A cigarette in her nicotine stained fingers, Amala stared at the empty street with her kohl smudged eyes. Beads of perspiration slid down her vermilion smeared forehead. She ran her free hand across her face, her fingers first slightly lingering on the line of her nose and then on the bump just above her lip. The sultry weather always messed up her skin - little bumps appeared overnight, threatening to mar her perfectly dusky complexion. Her mother had always fretted about her break outs in the summer, giving her bitter potions to drink and even more evil smelling concoctions to apply to her face before she went to bed. The thought of her mother, made Amala sigh - she missed her. She missed her smell - the smell of onions and stale spices that her mother gathered as she bristled around the kitchen shouting orders to the house maid in that soft, almost ringing voice of hers. She missed the rolls of warm fat around her mother's bosom that she would sink into whenever she felt lost or felt the darkness possess her. Amala threw away the now burnt out stub and lit another cigarette, forcing herself to focus on the more pressing matter - ma's memory will just have to wait for another time.

As she stood there looking at the puddles that the thunder storm earlier in the day had made, she contemplated ways to save herself from the raging depression that was threatening to possess her soon. Her eyes stung from the cigarette smoke, but she refused to close them, afraid that he would see him as soon as she did. She shuddered at the thought of him. She knew what was to come. Every second after this would be an attempt to relive that one night, several moons ago. She would sit on her bed, close her eyes and feel his hands on hers, smell his musky scent while he kissed the nape of her neck. She had always fidgeted when he did that. Her antsiness always amused him and he would find various ways to distract her, while he would nibble at her shoulder bones. Amala smiled at the thought of it - his childish ways of diverting her attention and her even more childish naivety every time he did that. Amala knew this reminiscing was unhealthy. That it would bring the onset of the darkness even more closer, but she couldn't help it. Couldn't help but smile at the thought of his boyish grin, the way his dark eyes would close to a slit when he would look at her, the curves of his slender back, the way he would call her Amma. She had laughed at him, the first time he had called her that. Amma at home meant mother, she told him amidst her full throated giggles. From that day on she would call him bachcha. Her child. It had started to pour again.

Amala pulled out another cigarette from the pack - her third pack in the day. She had started smoking heavily - "crazily suicidal" as Anna had put - from the time the phone calls had stopped coming. She glanced at her phone for the thousandth time, half expecting it to ring, even though she knew it wouldn't. She suddenly had the urge to drink wine. She had drank the last drop of alcohol in the apartment last night. What kind of a crazy behavior is this? She chided herself. She had to get out of this reverie, get back her life, those nights. She had tried to make sense of it, even withdraw herself from the deep angst she felt. But she could only half fathom what had happened, why the phone stopped ringing, why there were no more meetings, and why the only time they saw each other, the glances were cursory, the conversation almost perfunctory. Amala raised her hand, peering through the gaps that her fingers made. Was this the hand he had held quietly during that cab drive?

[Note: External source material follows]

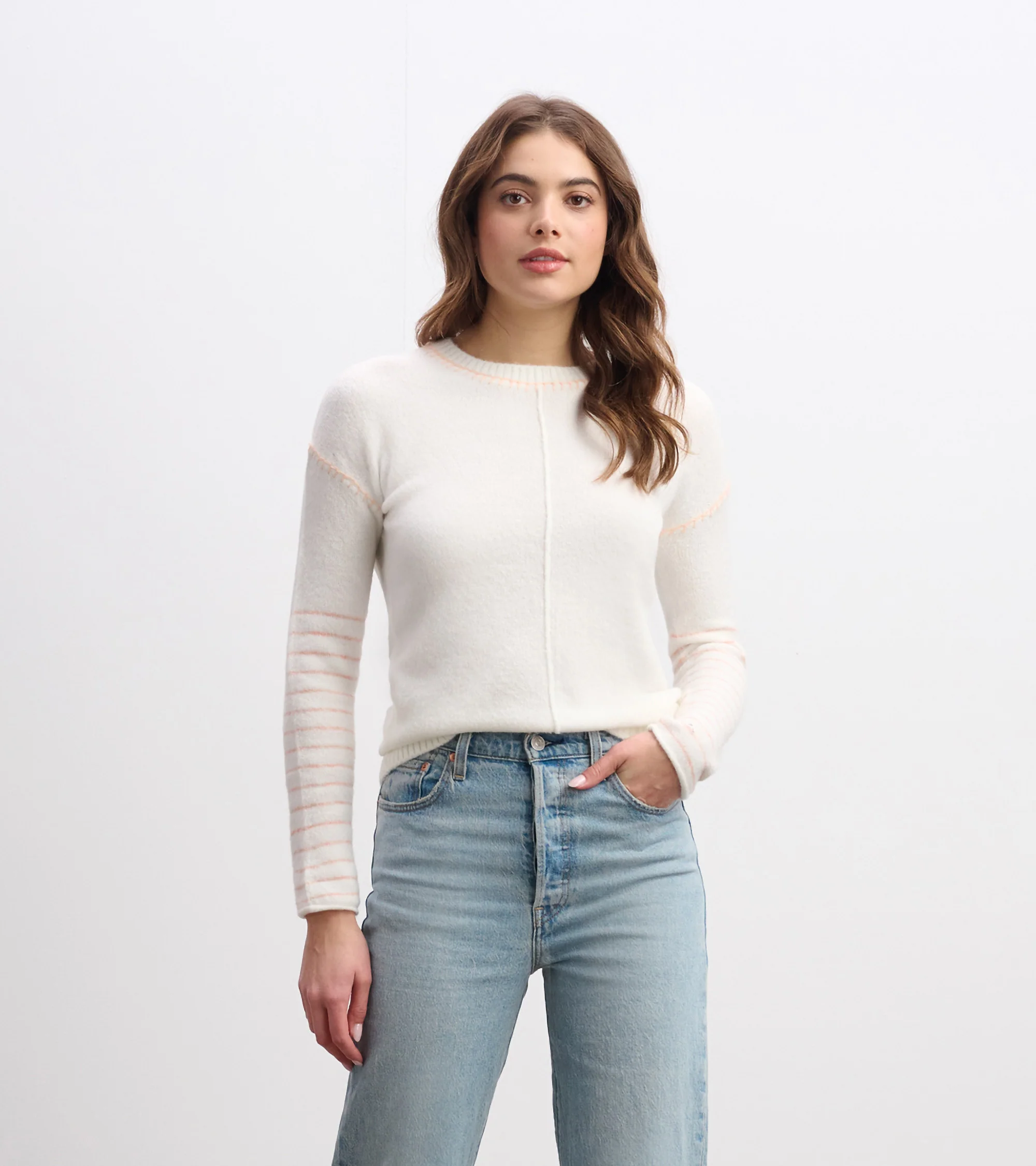 Avery Sweater - Cream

The darkness was closer. She could feel it. She tried to shake it off, knowing fully well that until it passed away, she would not be able to smile, to laugh, to sing or to think about him. She thought about the last time they had been alone together. How she had cried, broken down, yelled at him, screamed at herself inside her head to make the hurting stop. She had been ashamed of it ever since. She had tried to make sense of what she did. She had never done that, never reacted so. If anything, she had always been an epitome of calmness, always amused at the world and at people. She remembered that day vividly. The day, that Anne called the day of the great breakup. After a month of a furtively torrid romance with the history professor, Amala had decided to call it off. "He is a careless alcoholic," she had told Anne, fully knowing that she had never intended to let the affair go beyond a month. The professor hadn't taken it lightly, he had first plead, cried and begged. He cried some more. Amala sat on the ottoman in his office - calm with a look on her face that anyone else might have at the Opera. Seeing that his outburst had done more to entertain her than to move her, the professor had then in a rage thrown a book at her. It missed her. He never was a good throw. She picked it up from the floor and had calmly walked out from the office, leaving the professor distraught and broken. As she walked through the campus, she had laughed, not stopping until she got home.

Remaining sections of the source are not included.